• **Task goal**: Please reproduce the lines of the records below from the one holding "Blue glass candle" through the one holding "The Edmonton Oilers", inclusive, skipping all pictures.

Dataset: Begin

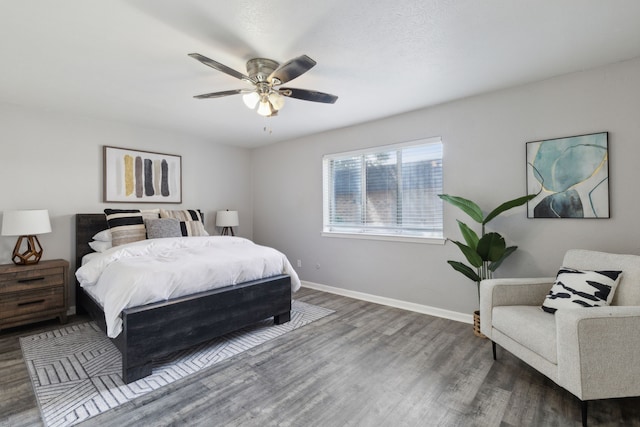 bedroom with ceiling fan and dark hardwood / wood-style flooring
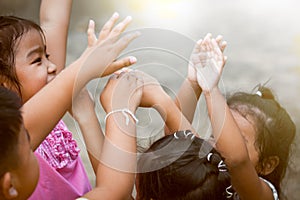 Children raise hands and playing together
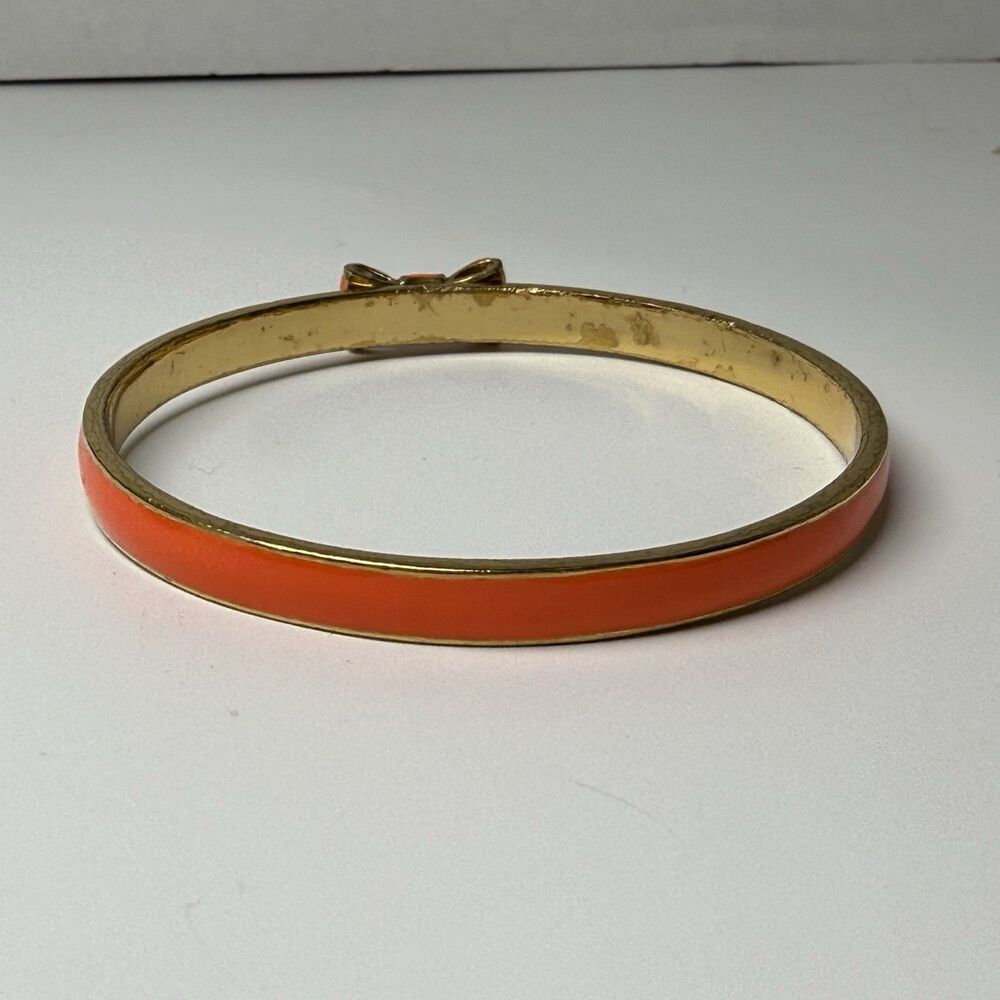 Kate Spade New York Skinny Gold And Orange Enamel Bangle Bow Bracelet - Picture 6 of 8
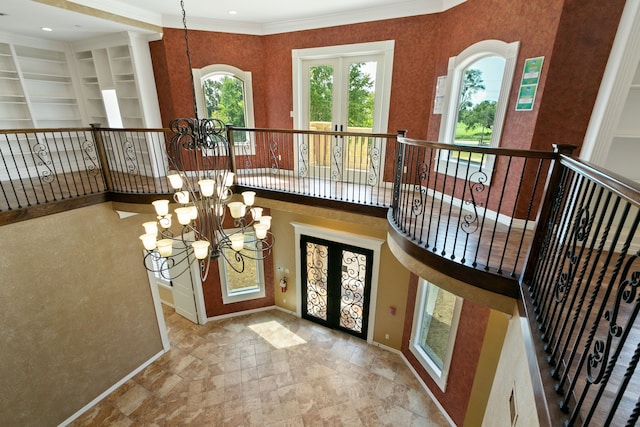 foyer featuring a notable chandelier, light tile patterned flooring, french doors, and ornamental molding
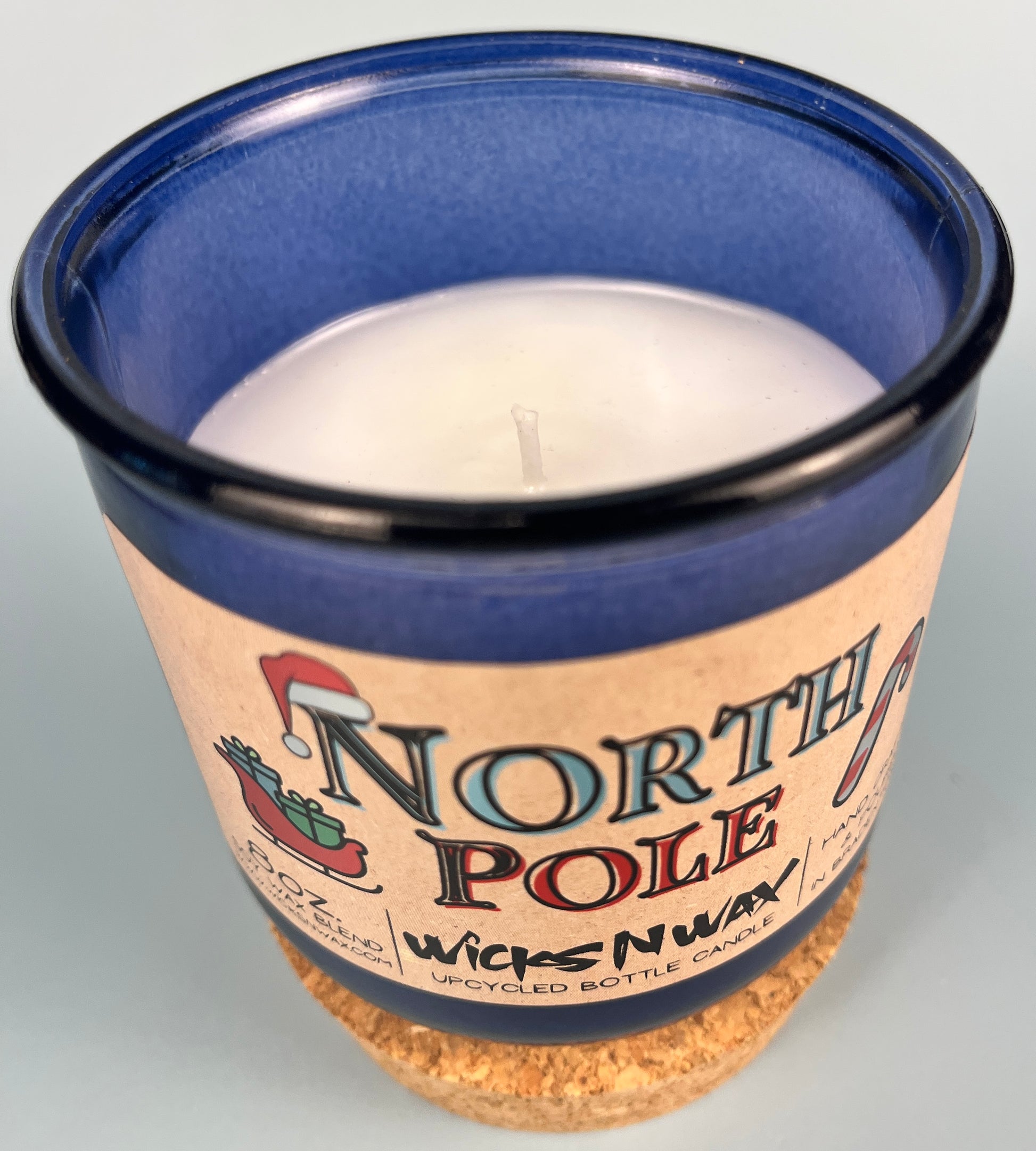 Blue glass candle jar top view with visible wax pool, wick, and North Pole label.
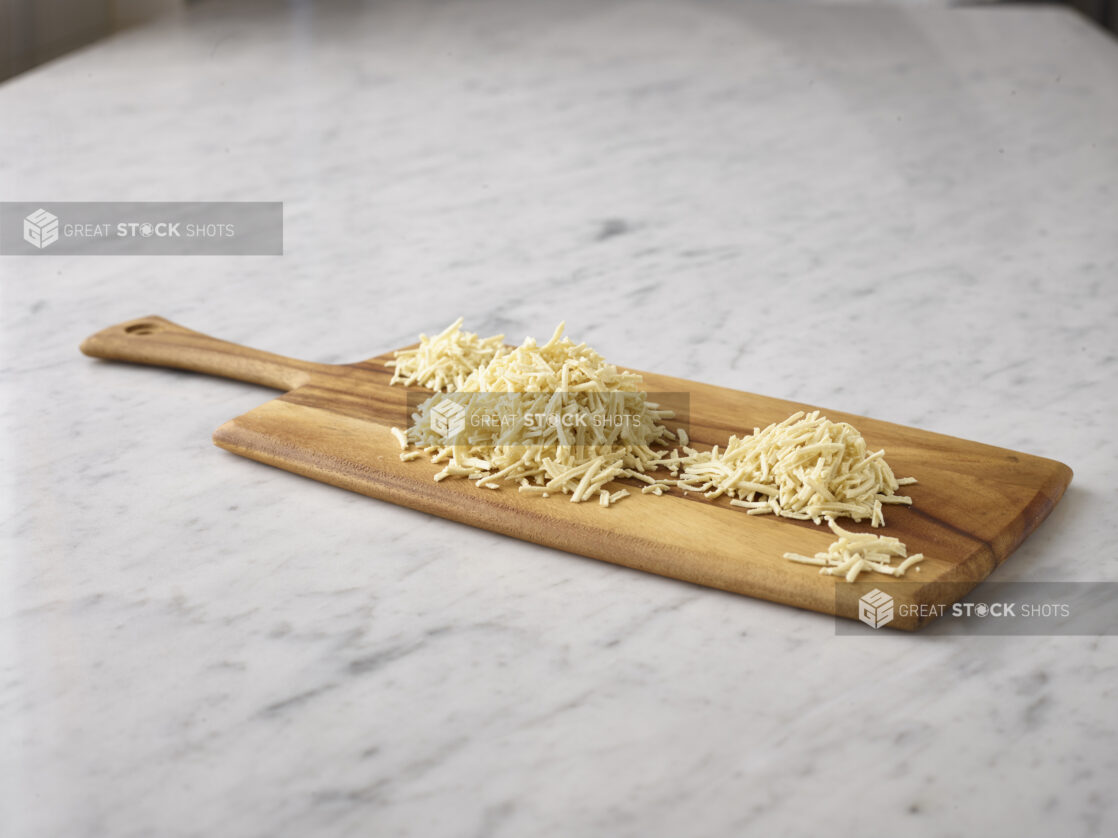 Shredded cheese on a wooden board on a white marble background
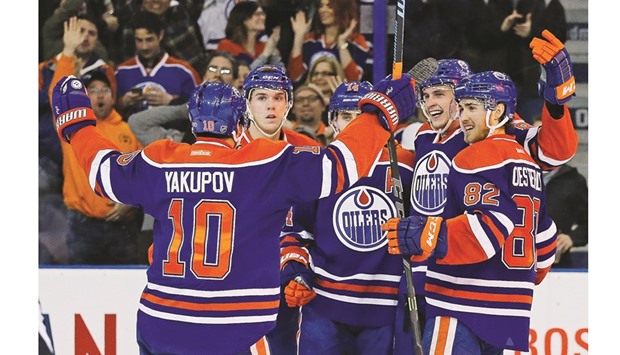 The Edmonton Oilers celebrate a third period goal by defensemen Brandon Davidson against the New York Islanders at Rexall Place. PICTURE: USA TODAY Sports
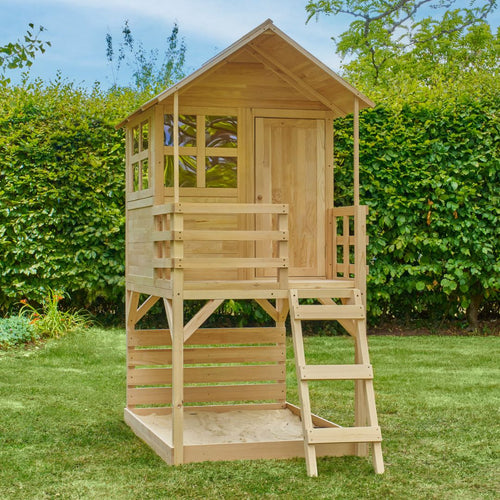 The TP Toys Buttercup Cottage Wooden Playhouse with Verandah and Deck, made from FSC® certified wood, features a small porch, ladder, and open bottom area—perfect for imaginative garden play.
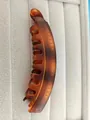 Detailed view of amber tortoise shell banana hair clip with curved resin teeth - Matte Tortoiseshell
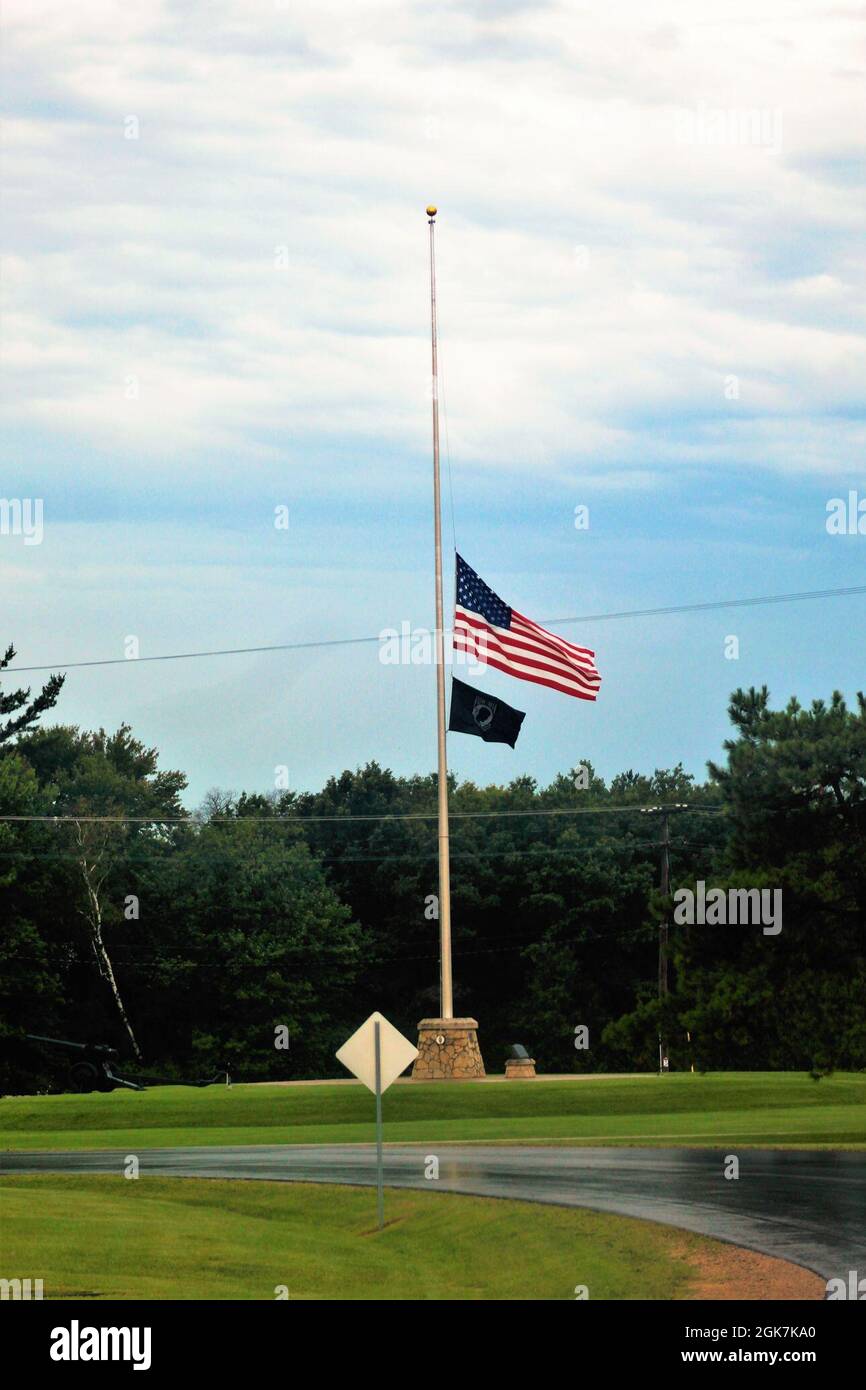 The United States flag flies at half-staff Aug. 27, 2021, at Fort McCoy, Wis. The lowering of the flag was a mark of respect in recognition of the U.S. service members and other victims killed in a terrorist attack Aug. 26, 2021, in Kabul, Afghanistan. According to the Department of Veterans Affairs, an easy way to remember when to fly the United States flag at half-staff is to consider when the whole nation is in mourning. These periods of mourning are proclaimed either by the president of the United States, for national remembrance, or the governor of a state or territory, for local remembra Stock Photo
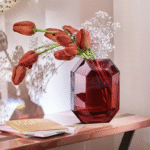 Like a delicately cut precious stone, the Baccarat OCTOGONE vase is a true gem. The signature Baccarat octagon from its chandeliers has been reinvented as a stunning vase. Its clear-cut lines, corners and curves beautifully reflect the surrounding light, showcasing fresh-cut flowers beautifully. Designer THOMAS BASTIDE has created an eye-catching delight in vibrant red. Its elegant style warms up your home and adds a special flair to contemporary home d√©cor.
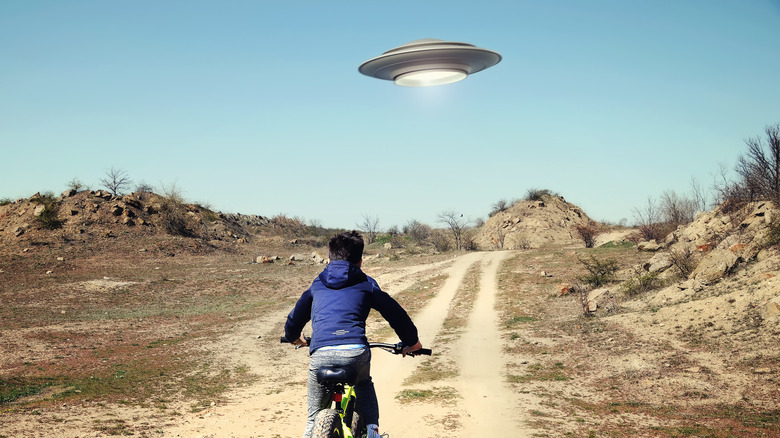 Kid biking toward UFO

Dataset: End

• **Your solution**:
 Blue glass candle jar top view with visible wax pool, wick, and North Pole label.
 Shredded cheese on a wooden board on a white marble background
 The Edmonton Oilers celebrate a third period goal by defensemen Brandon Davidson against the New York Islanders at Rexall Place. PICTURE: USA TODAY Sports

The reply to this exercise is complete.